The task: Should a line below contain the word "Shoe", report it.

====

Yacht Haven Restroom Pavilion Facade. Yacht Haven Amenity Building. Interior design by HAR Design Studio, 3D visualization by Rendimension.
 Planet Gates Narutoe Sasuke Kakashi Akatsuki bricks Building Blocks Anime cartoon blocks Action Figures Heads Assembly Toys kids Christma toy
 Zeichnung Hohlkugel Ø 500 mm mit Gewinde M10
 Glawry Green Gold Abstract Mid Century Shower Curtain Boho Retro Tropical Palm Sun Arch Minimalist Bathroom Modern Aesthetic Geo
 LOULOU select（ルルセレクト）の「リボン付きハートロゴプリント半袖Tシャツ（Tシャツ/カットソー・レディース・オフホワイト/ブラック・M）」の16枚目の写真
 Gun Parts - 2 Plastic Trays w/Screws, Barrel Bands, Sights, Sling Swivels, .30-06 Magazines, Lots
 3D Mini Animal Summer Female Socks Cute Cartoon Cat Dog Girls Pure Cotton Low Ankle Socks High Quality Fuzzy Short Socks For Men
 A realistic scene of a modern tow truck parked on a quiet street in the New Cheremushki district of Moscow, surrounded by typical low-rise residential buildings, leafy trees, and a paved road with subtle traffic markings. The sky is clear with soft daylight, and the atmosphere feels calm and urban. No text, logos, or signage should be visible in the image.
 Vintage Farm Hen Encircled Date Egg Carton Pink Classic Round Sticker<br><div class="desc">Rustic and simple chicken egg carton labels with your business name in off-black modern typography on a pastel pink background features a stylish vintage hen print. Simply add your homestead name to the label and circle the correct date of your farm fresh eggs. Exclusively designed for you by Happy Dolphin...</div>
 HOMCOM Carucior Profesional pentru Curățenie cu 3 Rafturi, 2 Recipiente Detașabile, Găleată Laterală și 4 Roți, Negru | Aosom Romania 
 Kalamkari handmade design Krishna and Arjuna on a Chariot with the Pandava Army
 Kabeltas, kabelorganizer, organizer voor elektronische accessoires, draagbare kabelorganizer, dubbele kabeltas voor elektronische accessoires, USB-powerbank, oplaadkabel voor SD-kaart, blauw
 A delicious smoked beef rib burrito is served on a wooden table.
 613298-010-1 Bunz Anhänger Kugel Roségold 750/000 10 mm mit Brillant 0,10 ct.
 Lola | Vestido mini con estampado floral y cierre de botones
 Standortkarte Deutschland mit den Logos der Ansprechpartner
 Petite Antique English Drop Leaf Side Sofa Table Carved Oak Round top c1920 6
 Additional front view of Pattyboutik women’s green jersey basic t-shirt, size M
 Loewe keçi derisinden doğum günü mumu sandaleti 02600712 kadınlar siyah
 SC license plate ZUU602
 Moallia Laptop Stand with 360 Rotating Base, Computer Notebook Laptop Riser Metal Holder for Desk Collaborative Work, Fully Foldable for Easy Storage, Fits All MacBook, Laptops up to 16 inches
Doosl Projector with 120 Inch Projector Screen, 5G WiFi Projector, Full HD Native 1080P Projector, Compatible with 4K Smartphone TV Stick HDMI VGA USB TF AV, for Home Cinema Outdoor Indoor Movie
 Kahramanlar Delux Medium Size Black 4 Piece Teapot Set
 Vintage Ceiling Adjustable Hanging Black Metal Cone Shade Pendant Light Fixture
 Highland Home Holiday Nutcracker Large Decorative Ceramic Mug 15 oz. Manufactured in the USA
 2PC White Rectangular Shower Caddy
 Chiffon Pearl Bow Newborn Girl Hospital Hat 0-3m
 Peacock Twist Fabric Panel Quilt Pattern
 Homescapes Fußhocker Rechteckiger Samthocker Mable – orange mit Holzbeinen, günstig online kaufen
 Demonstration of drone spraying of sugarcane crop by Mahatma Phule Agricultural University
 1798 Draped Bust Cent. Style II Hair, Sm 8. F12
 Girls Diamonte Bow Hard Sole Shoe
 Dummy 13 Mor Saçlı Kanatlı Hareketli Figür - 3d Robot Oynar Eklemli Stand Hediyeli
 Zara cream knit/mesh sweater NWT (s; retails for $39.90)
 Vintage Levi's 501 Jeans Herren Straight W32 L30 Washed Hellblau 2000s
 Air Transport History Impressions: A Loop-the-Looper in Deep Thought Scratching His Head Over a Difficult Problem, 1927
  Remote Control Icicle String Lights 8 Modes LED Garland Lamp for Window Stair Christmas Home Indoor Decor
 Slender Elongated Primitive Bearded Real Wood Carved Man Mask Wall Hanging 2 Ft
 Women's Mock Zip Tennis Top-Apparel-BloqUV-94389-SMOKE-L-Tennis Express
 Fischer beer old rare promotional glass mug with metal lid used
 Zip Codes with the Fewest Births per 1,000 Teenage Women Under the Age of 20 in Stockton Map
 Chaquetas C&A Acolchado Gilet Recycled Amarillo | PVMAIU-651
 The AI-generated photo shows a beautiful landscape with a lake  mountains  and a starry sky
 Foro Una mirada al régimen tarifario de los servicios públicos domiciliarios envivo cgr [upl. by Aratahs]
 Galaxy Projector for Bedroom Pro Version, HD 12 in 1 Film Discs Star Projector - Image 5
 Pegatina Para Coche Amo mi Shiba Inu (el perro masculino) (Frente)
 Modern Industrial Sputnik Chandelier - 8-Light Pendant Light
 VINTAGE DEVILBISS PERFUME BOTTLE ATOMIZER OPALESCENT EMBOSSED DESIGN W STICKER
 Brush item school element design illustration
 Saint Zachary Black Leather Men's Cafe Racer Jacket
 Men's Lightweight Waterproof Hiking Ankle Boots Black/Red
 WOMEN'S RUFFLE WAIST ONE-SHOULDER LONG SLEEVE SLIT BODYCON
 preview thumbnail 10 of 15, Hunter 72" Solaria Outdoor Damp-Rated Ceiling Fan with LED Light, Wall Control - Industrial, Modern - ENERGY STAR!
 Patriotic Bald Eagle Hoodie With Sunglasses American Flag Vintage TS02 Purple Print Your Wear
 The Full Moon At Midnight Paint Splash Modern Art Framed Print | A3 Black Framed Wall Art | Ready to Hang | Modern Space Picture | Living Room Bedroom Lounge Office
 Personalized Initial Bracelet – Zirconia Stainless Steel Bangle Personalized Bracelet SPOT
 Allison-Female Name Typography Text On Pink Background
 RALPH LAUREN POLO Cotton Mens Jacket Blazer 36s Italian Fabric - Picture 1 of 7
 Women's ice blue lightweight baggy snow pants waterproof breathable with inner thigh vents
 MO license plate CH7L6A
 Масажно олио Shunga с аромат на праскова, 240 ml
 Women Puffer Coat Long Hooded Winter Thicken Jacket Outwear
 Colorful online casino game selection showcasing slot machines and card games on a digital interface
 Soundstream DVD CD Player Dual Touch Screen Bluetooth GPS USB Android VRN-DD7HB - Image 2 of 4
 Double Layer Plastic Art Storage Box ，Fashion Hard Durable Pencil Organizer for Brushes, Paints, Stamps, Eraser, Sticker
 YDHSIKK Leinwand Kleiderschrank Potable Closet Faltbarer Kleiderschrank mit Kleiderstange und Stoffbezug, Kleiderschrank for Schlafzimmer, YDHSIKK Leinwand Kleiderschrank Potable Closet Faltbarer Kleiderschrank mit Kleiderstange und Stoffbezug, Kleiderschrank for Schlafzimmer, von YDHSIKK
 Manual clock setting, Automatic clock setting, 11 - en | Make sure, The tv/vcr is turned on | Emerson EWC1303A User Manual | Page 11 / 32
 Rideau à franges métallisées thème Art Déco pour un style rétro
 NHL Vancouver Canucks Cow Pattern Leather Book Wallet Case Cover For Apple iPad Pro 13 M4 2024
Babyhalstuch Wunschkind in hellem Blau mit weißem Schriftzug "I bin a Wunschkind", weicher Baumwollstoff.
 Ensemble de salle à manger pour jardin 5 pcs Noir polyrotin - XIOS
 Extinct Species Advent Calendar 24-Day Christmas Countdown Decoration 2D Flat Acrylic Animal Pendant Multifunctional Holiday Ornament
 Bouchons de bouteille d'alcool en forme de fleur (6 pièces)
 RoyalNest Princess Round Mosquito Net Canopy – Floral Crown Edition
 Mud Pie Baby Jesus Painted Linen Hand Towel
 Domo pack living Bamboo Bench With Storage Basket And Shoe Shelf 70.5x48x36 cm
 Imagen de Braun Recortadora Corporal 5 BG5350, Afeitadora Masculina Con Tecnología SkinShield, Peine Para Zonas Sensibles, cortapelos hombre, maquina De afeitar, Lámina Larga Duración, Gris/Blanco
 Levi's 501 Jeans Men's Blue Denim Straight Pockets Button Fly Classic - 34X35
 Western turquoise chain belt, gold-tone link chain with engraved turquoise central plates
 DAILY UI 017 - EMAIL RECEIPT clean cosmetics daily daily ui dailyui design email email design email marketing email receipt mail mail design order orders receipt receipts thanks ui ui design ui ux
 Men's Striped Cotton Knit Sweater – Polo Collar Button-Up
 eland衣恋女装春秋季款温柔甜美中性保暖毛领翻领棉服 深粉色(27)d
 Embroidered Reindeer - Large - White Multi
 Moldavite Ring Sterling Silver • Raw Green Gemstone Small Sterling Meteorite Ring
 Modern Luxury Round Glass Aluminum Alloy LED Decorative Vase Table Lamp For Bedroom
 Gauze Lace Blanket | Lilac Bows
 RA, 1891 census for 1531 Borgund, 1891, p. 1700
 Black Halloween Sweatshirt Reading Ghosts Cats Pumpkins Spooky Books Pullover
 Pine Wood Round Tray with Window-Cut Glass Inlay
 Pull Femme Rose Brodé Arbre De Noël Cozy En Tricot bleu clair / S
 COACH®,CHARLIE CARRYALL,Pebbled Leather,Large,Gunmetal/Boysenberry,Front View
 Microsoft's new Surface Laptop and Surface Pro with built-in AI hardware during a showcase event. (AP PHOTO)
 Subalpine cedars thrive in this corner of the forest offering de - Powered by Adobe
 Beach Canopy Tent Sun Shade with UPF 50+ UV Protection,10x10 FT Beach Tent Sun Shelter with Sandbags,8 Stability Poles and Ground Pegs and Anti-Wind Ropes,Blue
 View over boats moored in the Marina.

====

Answer area:
 Girls Diamonte Bow Hard Sole Shoe
 Domo pack living Bamboo Bench With Storage Basket And Shoe Shelf 70.5x48x36 cm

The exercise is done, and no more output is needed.